(Collected data entries)
######

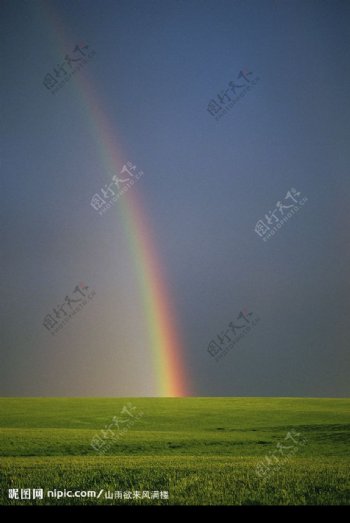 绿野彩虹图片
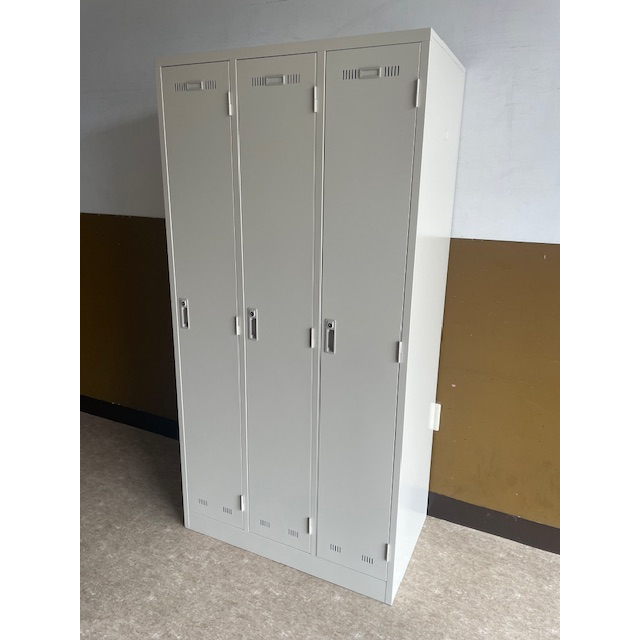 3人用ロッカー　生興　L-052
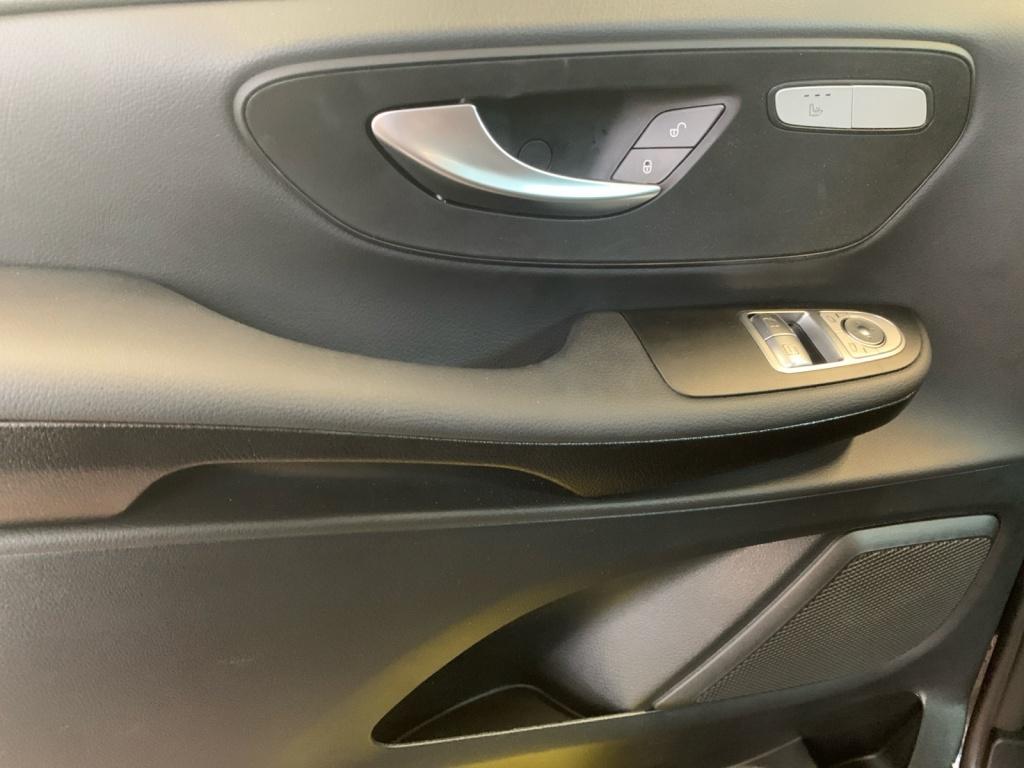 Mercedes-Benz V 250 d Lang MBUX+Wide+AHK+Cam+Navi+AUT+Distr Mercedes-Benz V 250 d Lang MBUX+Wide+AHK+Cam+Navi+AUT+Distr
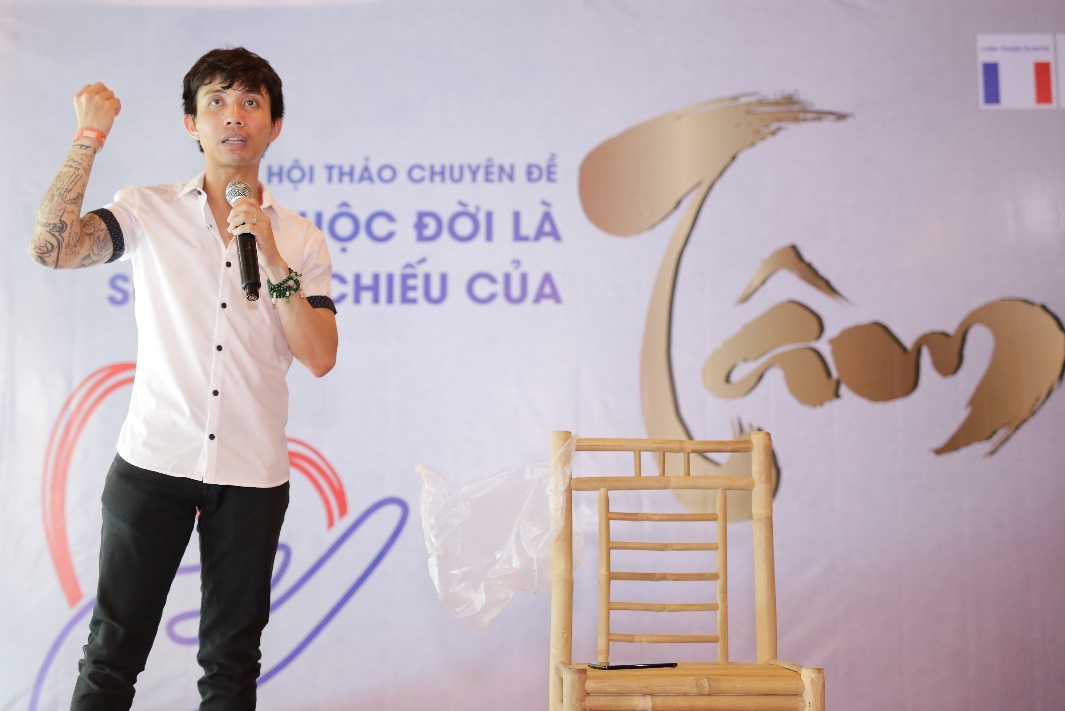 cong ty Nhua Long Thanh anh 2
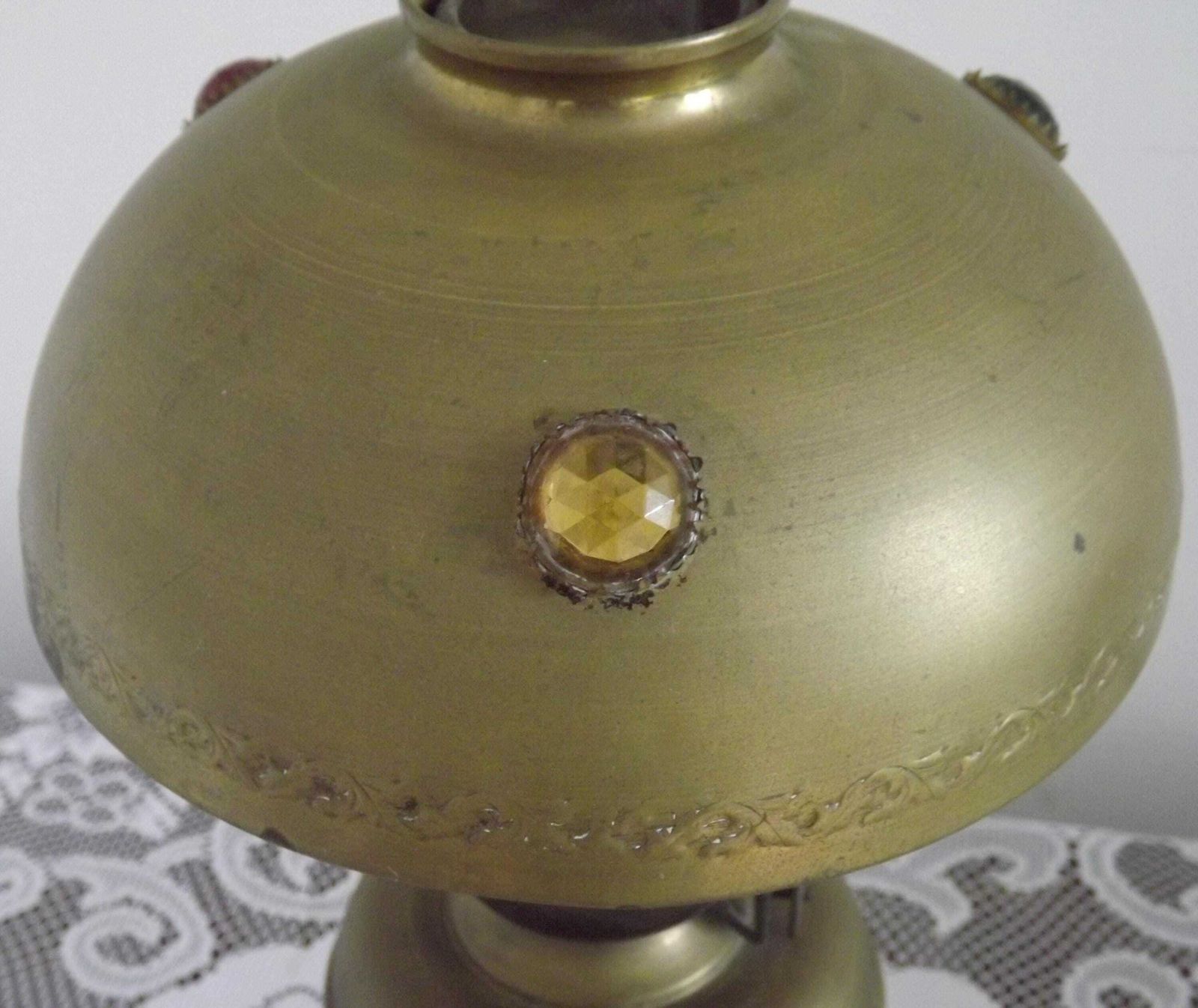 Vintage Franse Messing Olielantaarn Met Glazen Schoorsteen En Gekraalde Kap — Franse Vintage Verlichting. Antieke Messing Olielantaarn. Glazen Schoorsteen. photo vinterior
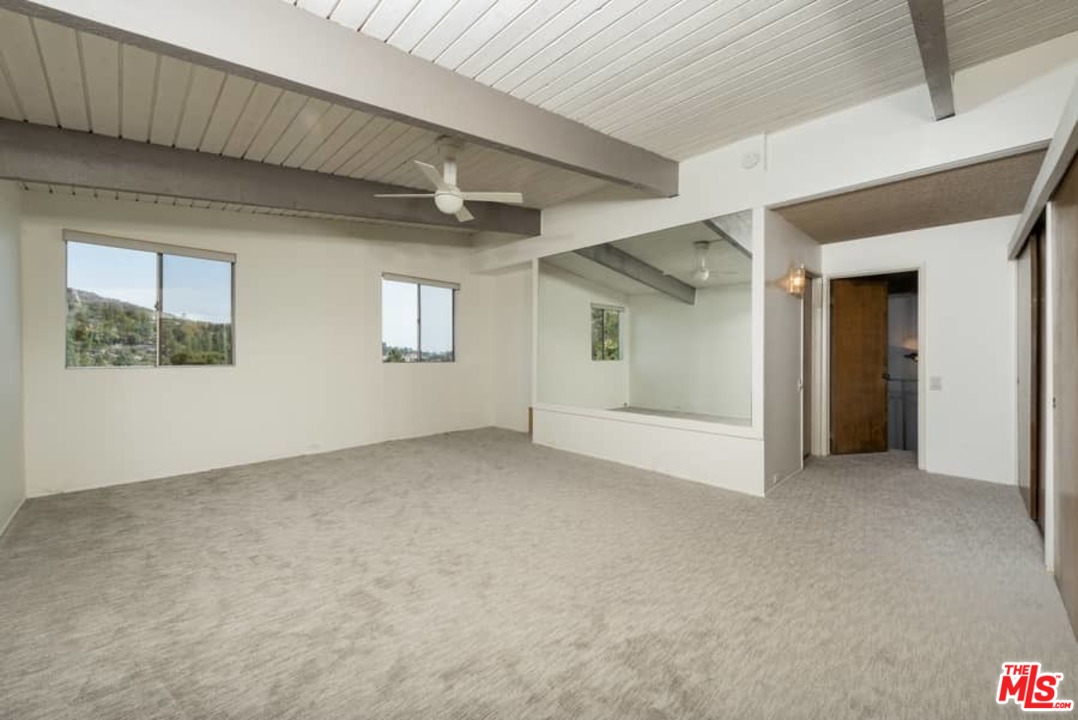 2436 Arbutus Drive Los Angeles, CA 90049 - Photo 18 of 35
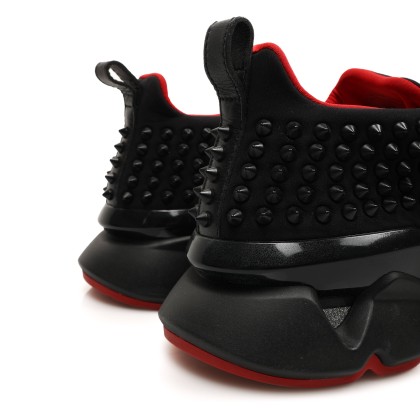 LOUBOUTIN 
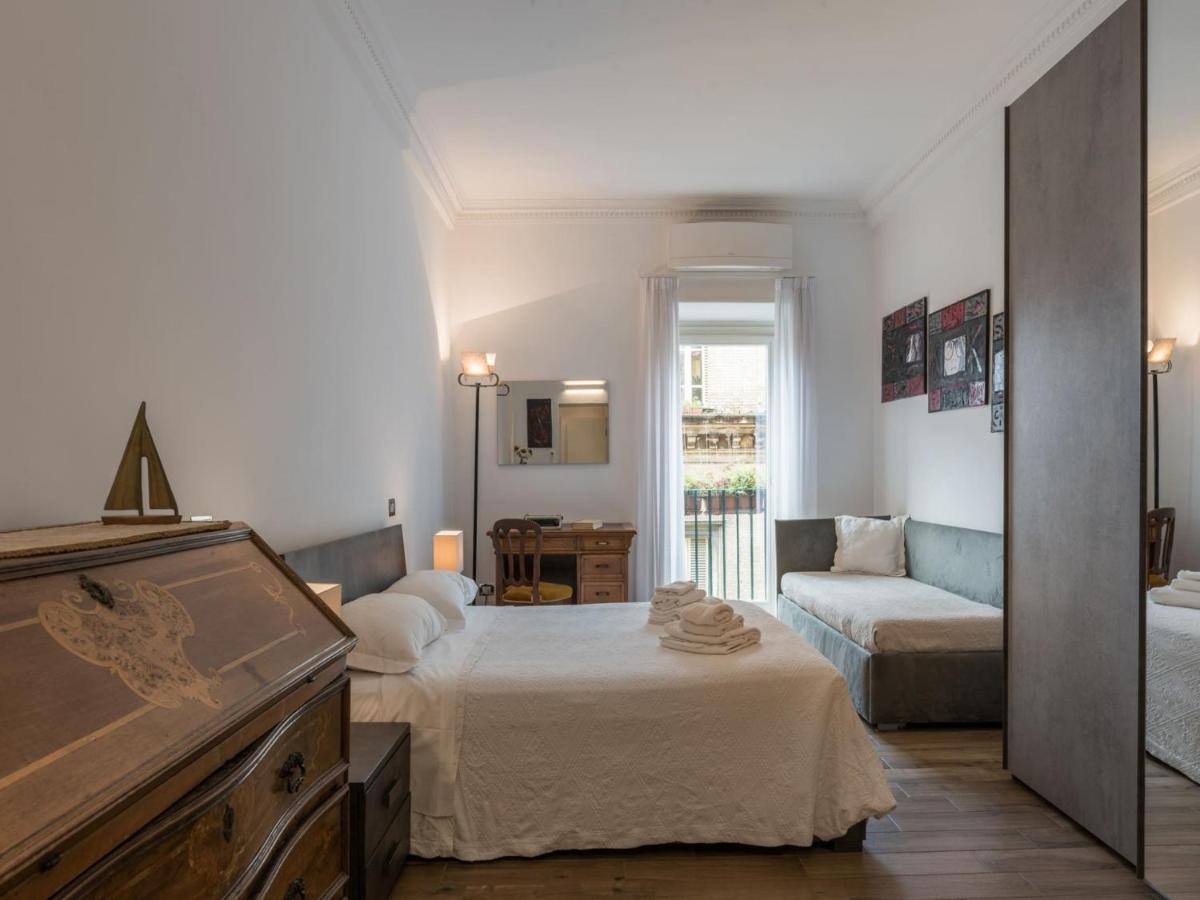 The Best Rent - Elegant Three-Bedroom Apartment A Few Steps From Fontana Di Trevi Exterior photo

######

Could you write out all the records exactly, without the pictures?

Expected answer:
 绿野彩虹图片
 3人用ロッカー　生興　L-052
 Mercedes-Benz V 250 d Lang MBUX+Wide+AHK+Cam+Navi+AUT+Distr Mercedes-Benz V 250 d Lang MBUX+Wide+AHK+Cam+Navi+AUT+Distr
 cong ty Nhua Long Thanh anh 2
 Vintage Franse Messing Olielantaarn Met Glazen Schoorsteen En Gekraalde Kap — Franse Vintage Verlichting. Antieke Messing Olielantaarn. Glazen Schoorsteen. photo vinterior
 2436 Arbutus Drive Los Angeles, CA 90049 - Photo 18 of 35
 LOUBOUTIN 
 The Best Rent - Elegant Three-Bedroom Apartment A Few Steps From Fontana Di Trevi Exterior photo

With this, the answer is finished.